Go through the entries below and print, exactly, the lines starting at the one with "スケッチャーズ(SKECHERS)(メンズ)エリート フレックス ハートネル" and ending at the one with "Γυναικείο γιλέκο Unbranded, Μέγεθος", keeping both ends and no others.

BEGIN DATA RECORDS

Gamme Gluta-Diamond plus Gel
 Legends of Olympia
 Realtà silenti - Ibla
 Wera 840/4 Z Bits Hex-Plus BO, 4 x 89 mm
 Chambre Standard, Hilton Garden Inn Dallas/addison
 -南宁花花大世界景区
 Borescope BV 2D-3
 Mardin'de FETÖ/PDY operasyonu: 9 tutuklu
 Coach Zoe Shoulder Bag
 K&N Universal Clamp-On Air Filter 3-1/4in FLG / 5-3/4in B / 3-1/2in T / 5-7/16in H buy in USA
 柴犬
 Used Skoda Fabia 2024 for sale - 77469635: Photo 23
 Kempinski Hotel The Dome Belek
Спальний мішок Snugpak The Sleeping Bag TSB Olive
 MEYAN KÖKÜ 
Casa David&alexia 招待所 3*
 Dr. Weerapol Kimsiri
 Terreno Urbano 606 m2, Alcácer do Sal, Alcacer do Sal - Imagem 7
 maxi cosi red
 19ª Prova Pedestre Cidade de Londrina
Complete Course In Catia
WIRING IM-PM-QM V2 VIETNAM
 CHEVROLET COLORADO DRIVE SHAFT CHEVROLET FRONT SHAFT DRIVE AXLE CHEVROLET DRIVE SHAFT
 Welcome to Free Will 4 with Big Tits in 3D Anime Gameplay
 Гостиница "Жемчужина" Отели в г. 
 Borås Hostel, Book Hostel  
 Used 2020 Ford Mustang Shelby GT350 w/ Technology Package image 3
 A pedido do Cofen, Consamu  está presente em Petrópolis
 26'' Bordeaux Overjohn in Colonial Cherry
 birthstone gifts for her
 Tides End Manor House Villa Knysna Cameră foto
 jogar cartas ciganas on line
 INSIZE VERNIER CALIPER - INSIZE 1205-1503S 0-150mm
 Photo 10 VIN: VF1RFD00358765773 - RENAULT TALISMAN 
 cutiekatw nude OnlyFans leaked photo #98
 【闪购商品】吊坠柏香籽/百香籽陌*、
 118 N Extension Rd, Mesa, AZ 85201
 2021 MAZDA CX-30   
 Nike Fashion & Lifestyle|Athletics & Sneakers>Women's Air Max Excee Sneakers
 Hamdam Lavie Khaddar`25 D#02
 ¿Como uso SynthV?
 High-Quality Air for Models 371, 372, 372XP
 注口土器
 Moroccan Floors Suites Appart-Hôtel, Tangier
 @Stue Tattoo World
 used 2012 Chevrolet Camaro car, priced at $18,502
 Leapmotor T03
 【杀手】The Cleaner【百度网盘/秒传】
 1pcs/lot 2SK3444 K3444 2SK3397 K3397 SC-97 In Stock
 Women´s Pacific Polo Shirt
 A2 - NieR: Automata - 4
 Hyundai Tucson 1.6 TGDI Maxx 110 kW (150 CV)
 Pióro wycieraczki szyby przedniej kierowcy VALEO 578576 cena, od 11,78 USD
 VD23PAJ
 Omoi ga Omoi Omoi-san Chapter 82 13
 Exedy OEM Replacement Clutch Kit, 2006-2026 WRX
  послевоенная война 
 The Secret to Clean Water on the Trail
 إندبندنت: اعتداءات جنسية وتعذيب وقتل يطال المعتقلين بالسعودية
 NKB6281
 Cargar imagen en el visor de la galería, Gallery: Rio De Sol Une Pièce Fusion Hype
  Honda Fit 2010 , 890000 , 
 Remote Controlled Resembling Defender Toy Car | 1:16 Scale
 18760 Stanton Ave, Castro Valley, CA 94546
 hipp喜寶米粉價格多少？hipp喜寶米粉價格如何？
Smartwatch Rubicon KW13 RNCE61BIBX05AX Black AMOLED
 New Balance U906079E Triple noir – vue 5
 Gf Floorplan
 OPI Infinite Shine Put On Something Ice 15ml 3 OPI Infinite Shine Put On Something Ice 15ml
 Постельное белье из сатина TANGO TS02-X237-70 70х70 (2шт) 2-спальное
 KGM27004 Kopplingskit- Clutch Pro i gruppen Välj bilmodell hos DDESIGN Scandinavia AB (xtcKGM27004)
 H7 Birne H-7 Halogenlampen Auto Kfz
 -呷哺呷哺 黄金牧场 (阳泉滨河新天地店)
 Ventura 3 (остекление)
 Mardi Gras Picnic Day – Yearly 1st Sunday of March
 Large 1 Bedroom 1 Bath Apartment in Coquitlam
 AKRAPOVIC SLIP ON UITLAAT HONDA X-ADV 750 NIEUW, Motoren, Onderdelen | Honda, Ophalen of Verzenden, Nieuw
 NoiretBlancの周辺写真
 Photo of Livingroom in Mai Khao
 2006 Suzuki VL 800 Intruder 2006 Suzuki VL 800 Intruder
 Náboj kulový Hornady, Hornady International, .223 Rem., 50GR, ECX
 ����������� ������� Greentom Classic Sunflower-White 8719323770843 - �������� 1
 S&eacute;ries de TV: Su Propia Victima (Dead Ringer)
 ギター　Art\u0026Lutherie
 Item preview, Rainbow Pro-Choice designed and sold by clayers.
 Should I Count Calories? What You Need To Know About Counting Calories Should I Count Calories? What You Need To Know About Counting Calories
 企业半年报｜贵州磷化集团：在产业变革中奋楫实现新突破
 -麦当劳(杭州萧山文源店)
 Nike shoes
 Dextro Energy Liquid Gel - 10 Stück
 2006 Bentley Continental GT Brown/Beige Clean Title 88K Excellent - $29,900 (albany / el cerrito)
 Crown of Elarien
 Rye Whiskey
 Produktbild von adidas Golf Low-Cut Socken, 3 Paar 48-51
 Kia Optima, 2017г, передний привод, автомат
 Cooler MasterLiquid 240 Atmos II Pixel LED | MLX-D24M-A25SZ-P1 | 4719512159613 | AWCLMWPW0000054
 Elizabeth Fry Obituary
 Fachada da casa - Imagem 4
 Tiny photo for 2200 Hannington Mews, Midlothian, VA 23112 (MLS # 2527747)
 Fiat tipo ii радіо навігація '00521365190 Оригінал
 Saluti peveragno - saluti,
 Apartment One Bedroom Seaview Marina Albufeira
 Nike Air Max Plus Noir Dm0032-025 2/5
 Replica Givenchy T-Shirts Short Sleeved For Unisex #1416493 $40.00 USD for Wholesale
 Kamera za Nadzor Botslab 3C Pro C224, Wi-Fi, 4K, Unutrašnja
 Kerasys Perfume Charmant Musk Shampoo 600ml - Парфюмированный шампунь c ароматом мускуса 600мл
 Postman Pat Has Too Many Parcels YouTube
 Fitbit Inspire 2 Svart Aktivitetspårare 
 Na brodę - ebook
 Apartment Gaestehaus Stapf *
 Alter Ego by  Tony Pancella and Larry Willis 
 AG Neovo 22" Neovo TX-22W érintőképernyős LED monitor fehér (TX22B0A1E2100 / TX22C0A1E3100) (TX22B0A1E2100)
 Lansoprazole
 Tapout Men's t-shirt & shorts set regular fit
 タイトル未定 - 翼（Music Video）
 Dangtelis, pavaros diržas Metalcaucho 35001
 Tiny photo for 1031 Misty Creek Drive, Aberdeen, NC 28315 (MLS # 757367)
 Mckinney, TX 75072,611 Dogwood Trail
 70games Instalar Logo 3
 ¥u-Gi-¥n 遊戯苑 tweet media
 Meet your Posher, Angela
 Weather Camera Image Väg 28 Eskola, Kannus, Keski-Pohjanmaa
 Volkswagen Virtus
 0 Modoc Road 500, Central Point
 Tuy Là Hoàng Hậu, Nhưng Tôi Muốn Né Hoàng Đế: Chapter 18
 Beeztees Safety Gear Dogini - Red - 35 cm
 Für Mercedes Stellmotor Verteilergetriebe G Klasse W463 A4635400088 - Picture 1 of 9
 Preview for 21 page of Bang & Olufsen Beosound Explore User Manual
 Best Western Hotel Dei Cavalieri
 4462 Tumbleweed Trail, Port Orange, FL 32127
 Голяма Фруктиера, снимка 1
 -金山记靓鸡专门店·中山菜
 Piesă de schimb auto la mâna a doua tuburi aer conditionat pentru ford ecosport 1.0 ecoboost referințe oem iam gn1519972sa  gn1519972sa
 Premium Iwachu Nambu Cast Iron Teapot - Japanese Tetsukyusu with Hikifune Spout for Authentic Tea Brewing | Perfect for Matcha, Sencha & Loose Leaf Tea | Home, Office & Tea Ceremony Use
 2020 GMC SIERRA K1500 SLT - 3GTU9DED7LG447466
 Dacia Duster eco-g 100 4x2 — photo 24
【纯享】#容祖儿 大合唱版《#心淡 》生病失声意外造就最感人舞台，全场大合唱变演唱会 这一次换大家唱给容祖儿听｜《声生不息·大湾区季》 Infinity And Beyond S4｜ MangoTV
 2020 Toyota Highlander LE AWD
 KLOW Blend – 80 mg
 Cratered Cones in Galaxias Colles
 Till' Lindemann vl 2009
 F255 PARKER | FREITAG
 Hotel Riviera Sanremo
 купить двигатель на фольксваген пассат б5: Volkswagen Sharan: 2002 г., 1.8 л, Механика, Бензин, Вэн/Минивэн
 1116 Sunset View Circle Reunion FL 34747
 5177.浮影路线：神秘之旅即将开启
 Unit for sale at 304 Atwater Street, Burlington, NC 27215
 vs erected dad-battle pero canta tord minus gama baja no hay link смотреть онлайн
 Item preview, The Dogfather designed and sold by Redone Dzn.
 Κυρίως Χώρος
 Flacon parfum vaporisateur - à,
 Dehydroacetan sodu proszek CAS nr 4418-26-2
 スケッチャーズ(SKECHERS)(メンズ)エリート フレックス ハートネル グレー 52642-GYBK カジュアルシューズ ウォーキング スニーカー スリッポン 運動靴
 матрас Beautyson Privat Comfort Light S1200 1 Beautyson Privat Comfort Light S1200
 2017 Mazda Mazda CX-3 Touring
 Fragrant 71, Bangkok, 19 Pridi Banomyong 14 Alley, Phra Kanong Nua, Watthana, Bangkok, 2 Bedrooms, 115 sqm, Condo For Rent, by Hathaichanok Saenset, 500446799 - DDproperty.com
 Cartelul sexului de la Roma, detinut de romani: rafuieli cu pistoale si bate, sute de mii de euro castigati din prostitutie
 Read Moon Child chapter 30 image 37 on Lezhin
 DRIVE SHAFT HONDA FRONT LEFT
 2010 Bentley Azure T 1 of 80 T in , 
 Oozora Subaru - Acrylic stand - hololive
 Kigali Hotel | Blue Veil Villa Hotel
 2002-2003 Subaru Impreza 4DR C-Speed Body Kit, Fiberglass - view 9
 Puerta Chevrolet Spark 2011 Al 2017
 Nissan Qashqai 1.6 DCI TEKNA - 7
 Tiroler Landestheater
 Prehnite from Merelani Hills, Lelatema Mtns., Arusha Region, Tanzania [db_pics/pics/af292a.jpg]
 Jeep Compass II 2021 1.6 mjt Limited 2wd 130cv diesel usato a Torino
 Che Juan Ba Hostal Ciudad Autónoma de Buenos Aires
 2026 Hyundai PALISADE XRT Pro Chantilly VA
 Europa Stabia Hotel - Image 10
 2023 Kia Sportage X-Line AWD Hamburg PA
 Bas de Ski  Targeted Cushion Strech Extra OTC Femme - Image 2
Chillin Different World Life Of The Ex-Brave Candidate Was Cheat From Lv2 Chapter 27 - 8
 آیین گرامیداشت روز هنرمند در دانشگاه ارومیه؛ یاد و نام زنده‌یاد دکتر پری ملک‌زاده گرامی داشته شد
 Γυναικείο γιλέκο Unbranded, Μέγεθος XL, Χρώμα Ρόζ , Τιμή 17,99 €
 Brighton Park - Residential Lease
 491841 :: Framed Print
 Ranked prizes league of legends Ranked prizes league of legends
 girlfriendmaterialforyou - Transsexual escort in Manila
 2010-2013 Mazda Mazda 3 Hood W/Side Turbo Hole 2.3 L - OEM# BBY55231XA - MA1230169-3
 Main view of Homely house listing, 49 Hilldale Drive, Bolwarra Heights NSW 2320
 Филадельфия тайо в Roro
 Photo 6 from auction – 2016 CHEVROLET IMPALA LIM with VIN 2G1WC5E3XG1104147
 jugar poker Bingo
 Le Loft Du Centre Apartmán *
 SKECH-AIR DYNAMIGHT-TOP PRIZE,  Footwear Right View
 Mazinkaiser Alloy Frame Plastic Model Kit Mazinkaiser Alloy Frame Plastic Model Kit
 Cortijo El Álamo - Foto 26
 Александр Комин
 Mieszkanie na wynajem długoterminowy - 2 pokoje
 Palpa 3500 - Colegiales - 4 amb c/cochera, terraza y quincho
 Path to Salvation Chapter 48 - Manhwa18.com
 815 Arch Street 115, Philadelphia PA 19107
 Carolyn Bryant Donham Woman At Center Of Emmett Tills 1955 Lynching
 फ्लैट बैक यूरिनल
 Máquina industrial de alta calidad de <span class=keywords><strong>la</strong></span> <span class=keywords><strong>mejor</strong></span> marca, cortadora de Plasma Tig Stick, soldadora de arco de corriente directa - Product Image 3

END DATA RECORDS

### EXPECTED OUTPUT
 スケッチャーズ(SKECHERS)(メンズ)エリート フレックス ハートネル グレー 52642-GYBK カジュアルシューズ ウォーキング スニーカー スリッポン 運動靴
 матрас Beautyson Privat Comfort Light S1200 1 Beautyson Privat Comfort Light S1200
 2017 Mazda Mazda CX-3 Touring
 Fragrant 71, Bangkok, 19 Pridi Banomyong 14 Alley, Phra Kanong Nua, Watthana, Bangkok, 2 Bedrooms, 115 sqm, Condo For Rent, by Hathaichanok Saenset, 500446799 - DDproperty.com
 Cartelul sexului de la Roma, detinut de romani: rafuieli cu pistoale si bate, sute de mii de euro castigati din prostitutie
 Read Moon Child chapter 30 image 37 on Lezhin
 DRIVE SHAFT HONDA FRONT LEFT
 2010 Bentley Azure T 1 of 80 T in , 
 Oozora Subaru - Acrylic stand - hololive
 Kigali Hotel | Blue Veil Villa Hotel
 2002-2003 Subaru Impreza 4DR C-Speed Body Kit, Fiberglass - view 9
 Puerta Chevrolet Spark 2011 Al 2017
 Nissan Qashqai 1.6 DCI TEKNA - 7
 Tiroler Landestheater
 Prehnite from Merelani Hills, Lelatema Mtns., Arusha Region, Tanzania [db_pics/pics/af292a.jpg]
 Jeep Compass II 2021 1.6 mjt Limited 2wd 130cv diesel usato a Torino
 Che Juan Ba Hostal Ciudad Autónoma de Buenos Aires
 2026 Hyundai PALISADE XRT Pro Chantilly VA
 Europa Stabia Hotel - Image 10
 2023 Kia Sportage X-Line AWD Hamburg PA
 Bas de Ski  Targeted Cushion Strech Extra OTC Femme - Image 2
Chillin Different World Life Of The Ex-Brave Candidate Was Cheat From Lv2 Chapter 27 - 8
 آیین گرامیداشت روز هنرمند در دانشگاه ارومیه؛ یاد و نام زنده‌یاد دکتر پری ملک‌زاده گرامی داشته شد
 Γυναικείο γιλέκο Unbranded, Μέγεθος XL, Χρώμα Ρόζ , Τιμή 17,99 €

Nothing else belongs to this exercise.